Media hora más tarde Koldo me entregó una pequeña caja, del tamaño de dos cajetillas de tabaco, con un pulsador, que metí en un bolsillo. ”Todos los componentes son de Microsoft. Son los mejores”, me dijo, para luego añadir, “Sólo pueden ser los mejores porque en realidad son los únicos”. No le dije que ese artilugio, si funcionaba, me salvaría la vida. Esperaba no tener que utilizarlo y de hacerlo que fuese efectivo.
Gonzalerría no tardó en llegar y saludó a Koldo revolviéndole el pelo, en el caso que lo hubiese tenido, pero que se quedó como una caricia afectuosa en su rapada cabeza.
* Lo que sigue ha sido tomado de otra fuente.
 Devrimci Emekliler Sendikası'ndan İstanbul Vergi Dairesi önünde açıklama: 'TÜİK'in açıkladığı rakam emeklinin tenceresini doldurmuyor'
Le preguntó qué tal andaba como una frase hecha, sin ningún atisbo de humor y con una absoluta falta de sensibilidad, en ambos casos subrayando la forma de ser de un Gonzalerría en estado puro. A Koldo no pareció importarle, tenía asumido que Xabier era como era, y aún así le mostraba aprecio.
Antes de que pudiésemos empezar a rememorar viejas batallas, Gonzalerría dijo, “A Josu le quedan menos de catorce horas de vida”. El deber, una vez más, nos llamaba.